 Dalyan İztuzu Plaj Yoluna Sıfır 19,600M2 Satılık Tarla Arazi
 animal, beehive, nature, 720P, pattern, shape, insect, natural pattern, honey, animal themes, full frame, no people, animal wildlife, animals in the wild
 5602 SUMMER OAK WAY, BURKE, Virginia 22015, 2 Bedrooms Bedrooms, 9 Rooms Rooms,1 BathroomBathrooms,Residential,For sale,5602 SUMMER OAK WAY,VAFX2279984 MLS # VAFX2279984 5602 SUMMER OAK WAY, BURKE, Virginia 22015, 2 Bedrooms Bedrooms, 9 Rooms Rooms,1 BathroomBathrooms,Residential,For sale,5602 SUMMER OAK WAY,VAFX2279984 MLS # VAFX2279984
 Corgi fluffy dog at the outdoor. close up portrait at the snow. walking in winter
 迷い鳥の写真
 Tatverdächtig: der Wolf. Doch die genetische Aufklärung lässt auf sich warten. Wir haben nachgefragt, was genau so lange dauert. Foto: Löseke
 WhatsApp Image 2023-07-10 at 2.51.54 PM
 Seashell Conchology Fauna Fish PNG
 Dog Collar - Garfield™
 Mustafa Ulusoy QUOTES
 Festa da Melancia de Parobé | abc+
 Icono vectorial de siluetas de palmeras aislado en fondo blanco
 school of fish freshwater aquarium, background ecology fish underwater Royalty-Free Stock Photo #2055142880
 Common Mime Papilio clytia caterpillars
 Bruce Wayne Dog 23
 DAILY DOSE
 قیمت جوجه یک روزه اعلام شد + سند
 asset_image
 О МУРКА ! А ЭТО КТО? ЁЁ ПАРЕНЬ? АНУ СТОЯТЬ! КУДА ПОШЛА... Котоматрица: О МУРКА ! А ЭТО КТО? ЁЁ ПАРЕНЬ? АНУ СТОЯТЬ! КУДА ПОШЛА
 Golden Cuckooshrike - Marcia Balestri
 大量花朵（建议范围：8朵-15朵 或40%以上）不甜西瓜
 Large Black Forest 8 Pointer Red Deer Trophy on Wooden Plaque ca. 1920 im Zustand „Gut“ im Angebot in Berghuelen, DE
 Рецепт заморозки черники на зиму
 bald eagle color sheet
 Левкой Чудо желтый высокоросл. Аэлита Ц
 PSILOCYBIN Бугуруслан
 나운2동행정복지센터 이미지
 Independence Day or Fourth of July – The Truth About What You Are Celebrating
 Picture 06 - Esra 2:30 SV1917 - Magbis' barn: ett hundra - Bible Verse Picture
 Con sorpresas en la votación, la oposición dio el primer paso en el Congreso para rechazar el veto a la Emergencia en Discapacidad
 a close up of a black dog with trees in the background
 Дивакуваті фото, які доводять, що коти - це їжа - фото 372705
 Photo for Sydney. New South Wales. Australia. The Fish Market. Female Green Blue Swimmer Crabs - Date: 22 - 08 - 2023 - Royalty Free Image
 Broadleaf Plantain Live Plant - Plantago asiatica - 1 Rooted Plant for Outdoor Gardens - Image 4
+ + + +
◆ Work to complete
Copy out every line of the entries where the string "Royalty" shows up.

◆ Reply
 school of fish freshwater aquarium, background ecology fish underwater Royalty-Free Stock Photo #2055142880
 Photo for Sydney. New South Wales. Australia. The Fish Market. Female Green Blue Swimmer Crabs - Date: 22 - 08 - 2023 - Royalty Free Image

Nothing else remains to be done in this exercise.